[What is being asked] Ignoring every picture, return the lines of the listing below word for word, from the line that holds "But they're going" through the line that holds "Shark Trail wants".

Supplied information section start

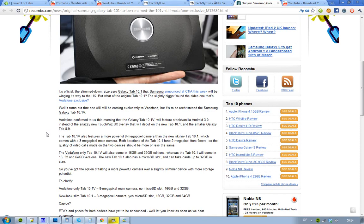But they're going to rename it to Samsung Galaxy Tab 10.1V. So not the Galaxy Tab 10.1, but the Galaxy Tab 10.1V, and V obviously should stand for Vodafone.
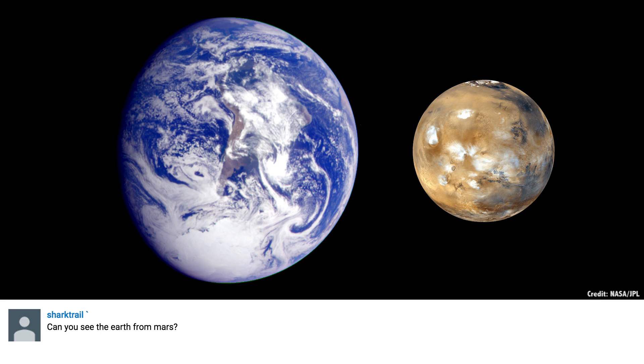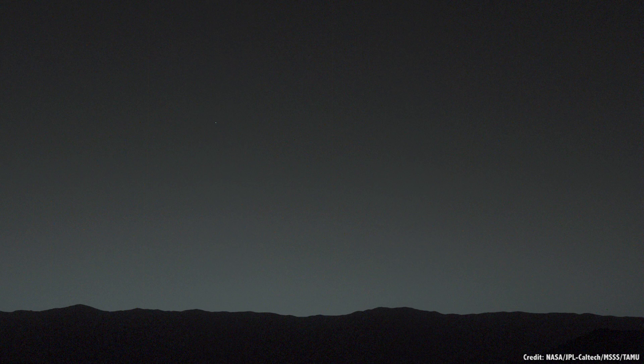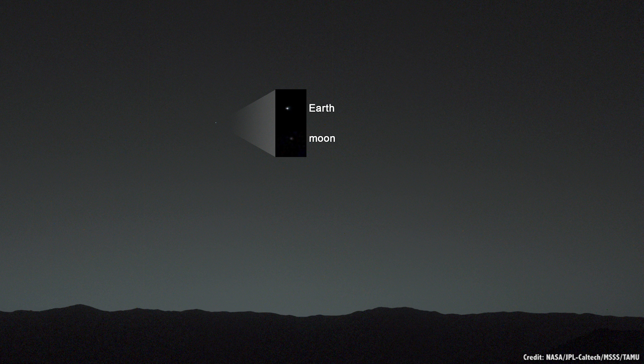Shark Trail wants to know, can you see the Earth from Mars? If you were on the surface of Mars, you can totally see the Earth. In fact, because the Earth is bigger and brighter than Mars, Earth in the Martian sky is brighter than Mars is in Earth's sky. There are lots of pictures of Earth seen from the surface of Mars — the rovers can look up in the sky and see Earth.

Supplied information section end
Supplied information section start

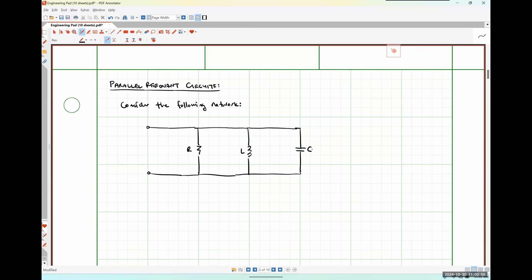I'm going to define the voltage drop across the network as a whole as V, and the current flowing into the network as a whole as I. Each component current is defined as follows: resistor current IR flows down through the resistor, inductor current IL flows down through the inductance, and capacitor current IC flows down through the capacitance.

Supplied information section end
Supplied information section start

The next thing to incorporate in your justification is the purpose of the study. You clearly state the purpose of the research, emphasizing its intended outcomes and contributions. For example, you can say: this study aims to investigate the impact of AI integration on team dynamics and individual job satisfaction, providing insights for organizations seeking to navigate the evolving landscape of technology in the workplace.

Supplied information section end

[Reply]
But they're going to rename it to Samsung Galaxy Tab 10.1V. So not the Galaxy Tab 10.1, but the Galaxy Tab 10.1V, and V obviously should stand for Vodafone.
Shark Trail wants to know, can you see the Earth from Mars? If you were on the surface of Mars, you can totally see the Earth. In fact, because the Earth is bigger and brighter than Mars, Earth in the Martian sky is brighter than Mars is in Earth's sky. There are lots of pictures of Earth seen from the surface of Mars — the rovers can look up in the sky and see Earth.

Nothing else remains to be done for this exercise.